Na época em que iniciou a pandemia, já fazia muito tempo que eu não compunha mais música. Gravar um vídeo de música, então, uma “eternidade”. Para mim, aquele momento de vida trouxe uma motivação especial nesse sentido novamente, me motivando a gravar, compor e fazer arranjos.

Daqui para a frente, você acha que essa nova forma de fazer música, cultos, estudos bíblicos, pode alterar a forma como louvamos a Deus?

Penso que muita coisa continuará diferente, daqui para frente. Sobre afetar ou ser prejudicial, entendo que vai depender do conteúdo que levarmos, pois se faz necessário esse repensar formas a partir de agora, como sempre foi no passar dos anos. A diferença é que agora tivemos uma “quebra” nas formas a que estávamos acostumados.
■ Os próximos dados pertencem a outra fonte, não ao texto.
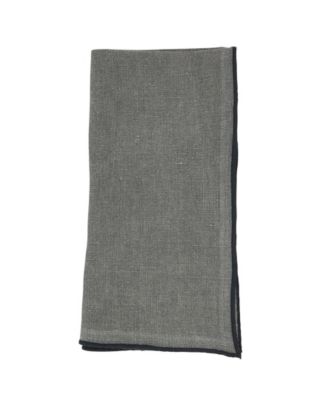 Stonewashed Stitch Border Table Napkins Set of 4,20"x20"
Acredito que, como igreja, acordamos e amadurecemos em algumas questões. O período de reflexão que a pandemia nos trouxe, nos fez valorizar o que é fundamental. E, inicialmente, de modo forçado, tivemos que nos reinventar para que o evangelho continuasse. Assim, aprendemos a trabalhar com diversos veículos de comunicação. Muitos até já estavam aí, mas não os usávamos de forma eficaz ou nem mesmo imaginávamos que existiam, além dos novos meios que vão surgindo. Infelizmente, nesse meio tempo, percebemos o afastamento de muitas pessoas da igreja. Sabemos que a pandemia ainda está aí, e muitos ainda têm receio de vir presencialmente. E não cabe aqui o julgamento quanto a isso. Mas o tempo que ficamos fechados fez com que muitos perdessem o hábito de ir ao culto. E vários desses não criaram o hábito nem mesmo de participar online. Assim, quando voltaram os cultos presenciais, muitos membros que eram ativos não voltaram.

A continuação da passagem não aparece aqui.